II. Der Antragsteller und Beschwerdeführer trägt die Kosten des Beschwerdeverfahrens.
III. Der Streitwert für das Beschwerdeverfahren wird festgesetzt auf 3.666,27 Euro.
Gründe
Der Antragsteller und Beschwerdeführer (Bf) begehrt im Verfahren des einstweiligen Rechtsschutzes im Beschwerdeverfahren die Anordnung der aufschiebenden Wirkung der inzwischen erhobenen Klage nicht nur bzgl der Nachforderung von Sozialversicherungsbeiträgen in Höhe von 10.633,59 Euro, sondern auch - so das ausdrückliche Begehren des Prozessbevollmächtigten des Bf - bezüglich Säumniszuschlägen iHv 4.031,50 Euro, obwohl das Sozialgericht bzgl der Säumniszuschläge die Anordnung der aufschiebenden Wirkung der Klage gegen den Bescheid der Antragsgegnerin und Beschwerdegegnerin (Bg) vom 07.08.2020 in der Gestalt des Widerspruchsbescheides vom 01.07.2021 bereits angeordnet hat.
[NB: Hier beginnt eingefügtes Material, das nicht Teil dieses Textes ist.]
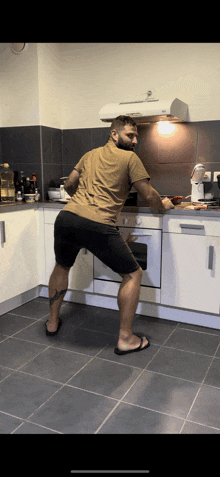 a man in a tan shirt is standing in a kitchen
Nach Durchführung einer Betriebsprüfung vom 11.07.2019 bis 07.08.2020 im Restaurant des Bf forderte die Bg nach entsprechender Anhörung mit Bescheid vom 07.08.2020 für den Prüfzeitraum vom 01.01.2015 bis 31.12.2018 Sozialversicherungsbeiträge in Höhe von 10.633,59 Euro und Säumniszuschläge in Höhe von 4.031,50 Euro. Für mehrere Arbeitnehmer sei ein geldwerter Vorteil (Sachbezug) für die freie Unterkunft und Verpflegung erst ab Oktober 2016 berücksichtigt worden, bei einem Beschäftigten, der in einer geringfügig entlohnten Beschäftigung gemeldet gewesen war, habe zudem wegen der insoweit notwendigen Berücksichtigung von Sachbezügen für die freie Unterkunft und Verpflegung bei der Berechnung des sozialversicherungspflichtigen Einkommens Versicherungspflicht bestanden und bei diversen Mitarbeitern sei der Mindestlohn in den Jahren 2017 und 2018 unterschritten worden, da Sachbezüge andererseits bei der Berechnung des Mindestlohnes außer Betracht bleiben müssten.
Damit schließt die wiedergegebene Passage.